В июне 1923 года, получив приглашение от Георгия Малюченко принять участие в новом журнале, Платонов ответил публично в «Воронежской коммуне» с категоричностью, на первый взгляд превосходящей необходимую степень личной обороны: «В Воронеже некоторые из бывших моих товарищей (Цейдлер и Малюченко) собираются издавать журнал, куда я зачислен без моего ведома ответственным работником. Мне сейчас такими пустяками заниматься некогда, и я работать в этом журнале не буду и не собирался».
Он занимался другим, более насущным — мелиорацией, но дело было не только в ней. Осенью 1923 года на экземпляре сборника «Голубая глубина», который Платонов подарил В. Б. Келлеру, автором была сделана следующая надпись:
«Я думаю всегда об одном и том же. Вы тоже об одном думаете и одним живете. Нас сблизило и сроднило лучше и выше любви общее нам чувство: ощущение жизни как опасности, тревоги, катастрофы и страсти разметать ее как таковую.
Человек призван закончить мир, найти место всему и дойти и довести с собою все, что видимо и что скрыто, не до блаженства, а до чего-то, что я предвижу и не могу высказать.
Я клянусь вам, что я буду делать это дело, как бы велико, темно и безнадежно оно ни было.
Я никому этого не говорил и не скажу Вам говорю, потому что вы были мне другом ближе, чем для вас друзья во плоти».
В то время как жизнь после потрясений революции, Гражданской войны и катастрофического голода начала мало-помалу возвращаться к своему обыденному течению и большинство людей, Платонова окружавших, к новому положению дел приспособились, вкушая колбасу и масло, сам он в отличие от современников не был обманут, введен в соблазн видимым успокоением житейского моря, и ощущение жизни как тревоги, жизни как катастрофы или постоянного ее предчувствия его не покидало. Платоновский мир вообще чреват катаклизмами. Если проводить параллели с физическими приборами, то Платонов был сейсмографом (другие писатели — термометрами, барометрами, тахометрами, спидометрами, флюгерами).

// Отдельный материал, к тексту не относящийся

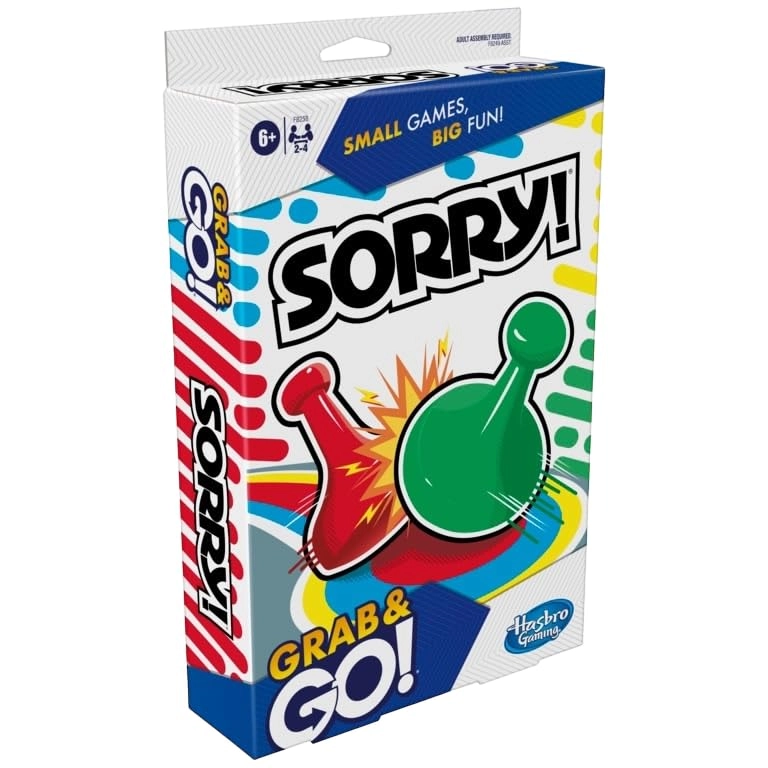 Sorry! + Hungry Hippos + Monopoly + Guess Who? + Candy Land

Он был зорче и проницательнее многих из своих собратьев, он по-прежнему требовал от себя и от других сверхусилий и настаивал на том, что будет стремиться исполнить предназначенное человеку. В этом последовательном эсхатологизме Платонова воплотился многовековой русский религиозный опыт, но через пять-шесть лет после свершения революции у «шахтера вселенной» почти не осталось единомышленников. С революцией и революционерами случилось то, о чем насмешливо писал в те годы в дневнике Пришвин: «Балерины, актрисы и машинистки разложили революцию. Революционерам-большевикам, как женщинам бальзаковского возраста, вдруг жить захотелось! И все очень понятно и простительно, только смешно, когда сравнишь, чего хотел большевик и чем удовлетворился». Да и Платонов еще в фельетоне «Душа человека — неприличное животное», написанном летом 1921 года, обозначил новый тип «официального революционера, бритого и даже слегка напудренного. Так, чуть-чуть, чтобы нос не блестел». Только смешное и простительное в глазах Пришвина было совсем не смешным в сердце его серьезного собрата, и именно отсюда брало начало то великое одиночество, которое стало литературным окружением Андрея Платонова. А сам он констатировал несколько лет спустя в письме жене: «Мои идеалы однообразны и постоянны».